Cilia, development and disease
Cilia are small, hair-like extensions that protrude out from the cell surface, and are essential for a wide range of processes in the body. We are interested in what happens when cilia malfunction and the impact defective cilia have on both embryonic development and adult disease.
Cilia can be thought of in two classes; motile cilia, which are restricted to a small number of specialised cells (such as in the trachea), and immotile cilia, which are present on most cell types and are known to function in sensation of various different types of signal.
The best known example of motile cilia are those found in the lungs, where they play a vital role in clearing mucus, carrying with it the dust and dirt we inhale. In smokers, these cilia often become paralysed, which is one reason why heavy smokers tend to develop a hacking cough. Motile cilia help to drive the flow of cerebrospinal fluid around the brain. The sperm tail, normally called its flagellum, is actually a very long motile cilium. Motile cilia are also present in the female reproductive tract, where they aid in the transport of the egg towards the womb.
Immotile cilia, also called primary cilia, serve an altogether different role. They facilitate certain kinds of sensation by cells (such as urine flow in the kidney), and are involved in a number of signalling pathways, including the Hedgehog, Wnt and PDGF pathways. Cilia are also known to play a role in our senses of sight, taste and smell. As might be predicted from all of these roles, defects in cilia function lead to human disease. Indeed, a diverse collection of diseases known as the ciliopathies result from problems with cilia. These show a wide variety of signs and symptoms that impact many aspects of body patterning and function.

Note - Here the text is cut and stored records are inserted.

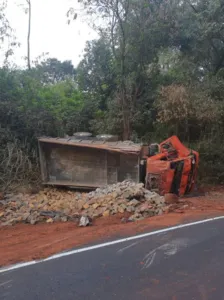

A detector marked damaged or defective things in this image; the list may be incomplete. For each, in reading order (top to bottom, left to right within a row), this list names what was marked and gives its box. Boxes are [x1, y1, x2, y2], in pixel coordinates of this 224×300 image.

overturned truck [38, 134, 200, 196]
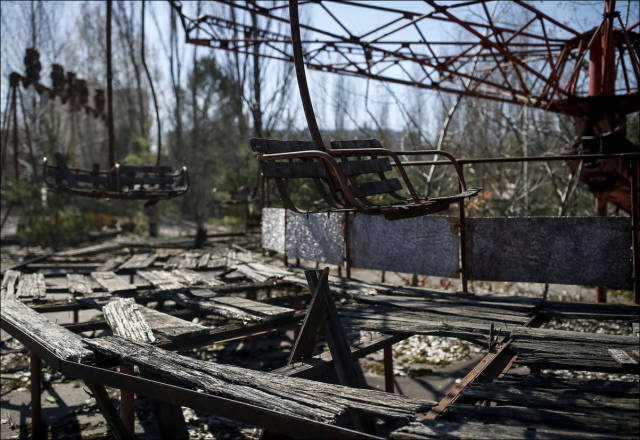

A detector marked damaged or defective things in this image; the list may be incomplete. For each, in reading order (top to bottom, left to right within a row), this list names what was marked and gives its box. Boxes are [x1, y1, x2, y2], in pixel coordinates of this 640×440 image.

rusty ferris wheel frame [168, 0, 636, 118]
rusted metal truss [170, 0, 640, 117]
rusted seat frame [41, 156, 188, 200]
rusted seat frame [254, 146, 476, 217]
splintered plank [0, 270, 20, 300]
broken wooden board [0, 270, 20, 300]
splintered plank [15, 274, 46, 300]
broken wooden board [16, 274, 47, 300]
splintered plank [65, 274, 94, 298]
broken wooden board [66, 274, 95, 298]
splintered plank [91, 270, 135, 294]
broken wooden board [91, 270, 135, 294]
splintered plank [119, 253, 157, 270]
broken wooden board [119, 253, 158, 270]
broken wooden board [136, 272, 184, 292]
splintered plank [137, 270, 184, 290]
broken wooden board [170, 268, 222, 288]
splintered plank [170, 268, 225, 288]
splintered plank [231, 262, 292, 282]
broken wooden board [0, 300, 93, 362]
splintered plank [0, 300, 94, 360]
broken wooden board [104, 298, 157, 342]
splintered plank [104, 300, 157, 344]
splintered plank [139, 306, 209, 340]
broken wooden board [160, 292, 292, 324]
splintered plank [165, 292, 296, 324]
splintered plank [85, 336, 432, 424]
broken wooden board [85, 336, 432, 426]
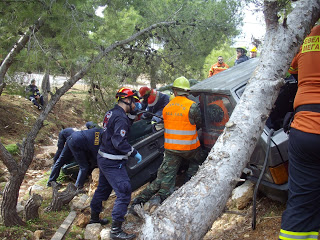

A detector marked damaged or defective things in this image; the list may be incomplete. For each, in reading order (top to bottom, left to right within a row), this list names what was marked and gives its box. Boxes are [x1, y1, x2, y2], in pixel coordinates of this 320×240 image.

crashed car [63, 58, 298, 202]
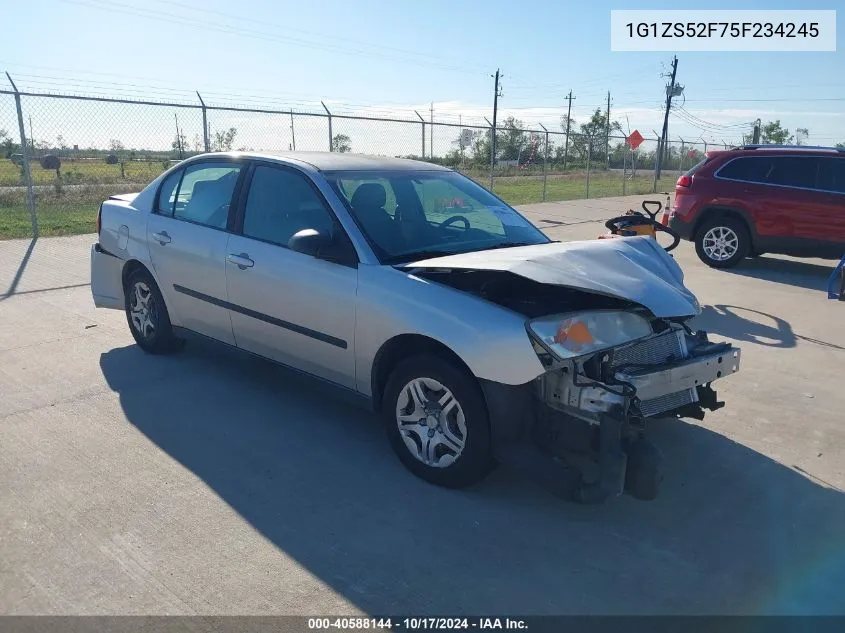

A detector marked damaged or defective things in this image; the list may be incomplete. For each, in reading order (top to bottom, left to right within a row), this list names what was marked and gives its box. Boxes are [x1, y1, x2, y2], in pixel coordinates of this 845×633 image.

damaged silver sedan [90, 151, 740, 502]
cracked headlight [528, 312, 652, 360]
crushed front bumper [484, 330, 740, 504]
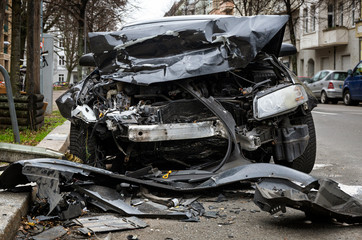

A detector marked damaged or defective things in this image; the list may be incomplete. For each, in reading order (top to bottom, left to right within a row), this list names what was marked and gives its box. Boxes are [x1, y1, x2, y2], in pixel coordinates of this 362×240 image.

torn sheet metal [88, 14, 288, 85]
crushed car hood [90, 14, 288, 85]
wrecked black car [55, 15, 316, 175]
broken headlight [252, 84, 308, 120]
torn sheet metal [74, 215, 148, 233]
torn sheet metal [253, 178, 362, 223]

Cilia and left-right patterning
One area that we are particularly interested in is how our bodies achieve left-right asymmetric placement of our organs, such as the heart and lungs. When this goes wrong, some individuals simply show a mirror-image, left-right pattern with all of the organ positions reversed (the heart, for example, will be on the right-hand side rather than the left). This is known as situs inversus and can remain undiagnosed until a patient undergoes a scan or even surgery. More worrying is heterotaxy, where the left-right position of each organ appears to be independently established; this usually leads to very serious congenital heart defects.
Left-right patterning is first established in a small pit, called the node, present in the early embryo. Here, the rotational beating of motile cilia drives fluid leftwards across the node. This leftward fluid flow is the first left-right asymmetry event in the embryo. Immotile cilia on the cells surrounding this pit respond to the flow as it reaches the left side, leading to the first left-right asymmetry in cells. The mechanism by which flow is detected remains unclear.
We are investigating the genes Pkd1l1, encoding a putative flow receptor, and Pkd2 which encodes a calcium channel, both of which localise to the immotile cilia, to figure out whether the immotile cilia specify left and right by responding to signalling molecules or to the force of the flow.
Primary ciliary dyskinesia
Motile cilia contain motor protein complexes that drive their motion. Defects in these motors result in immotile or abnormally motile cilia, leading to the human disorder primary ciliary dyskinesia (PCD). PCD causes defects in mucus clearance from the lungs, resulting in coughing, increased infection rates and ultimately lung damage if left untreated.
The presence of motile cilia in the nasal sinuses and the eustacian tubes lead to PCD patients suffering chronic rhinitis and sinusitis as well as increased incidence of otitis media. Male infertility can result from immotile sperm tails (although such infertility can be overcome by the modern fertility treatment intra-cytoplasmic sperm injection). The impact on female fertility remains less clear, although there are strong claims of an increased risk of ectopic pregnancy.
In collaboration with a human PCD clinic, we have developed a model of PCD in the mouse, allowing us to study the condition in more depth and ultimately to evaluate potential treatments.